Thermal conductivity of armchair black phosphorus nanotubes: a molecular dynamics study

TL;DR

This study uses molecular dynamics simulations to analyze how size, strain, and vacancies influence the thermal conductivity of armchair black phosphorus nanotubes, revealing key factors affecting phonon transport.

Contribution

It provides new insights into the effects of size, strain, and vacancies on thermal conductivity of black phosphorus nanotubes using molecular dynamics.

Findings

Thermal conductivity strongly depends on nanotube size and diameter.

Axial tensile strain enhances thermal transport.

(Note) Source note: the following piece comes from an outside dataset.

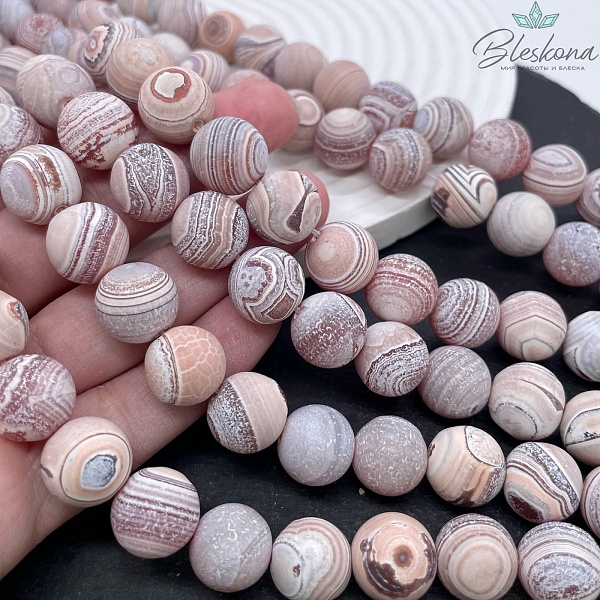 Агат с узором №36 матовый 13,5 мм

Vacancies significantly reduce thermal conductivity.

Abstract

The effects of size, strain, and vacancies on thermal properties of armchair black phosphorus nanotubes are investigated based on qualitative analysis from molecular dynamics simulations. It is found that the thermal conductivity has a remarkable size effect because of the restricted paths for phonon transport, strongly depending on the diameter and length of nanotube. Owing to the intensified low-frequency phonons, axial tensile strain can facilitate thermal transport. On the contrary, compressive strain weakens thermal transport due to the enhanced phonon scattering around the buckling of nanotube. In addition, the thermal conductivity is dramatically reduced by single vacancies, especially upon high defect concentrations.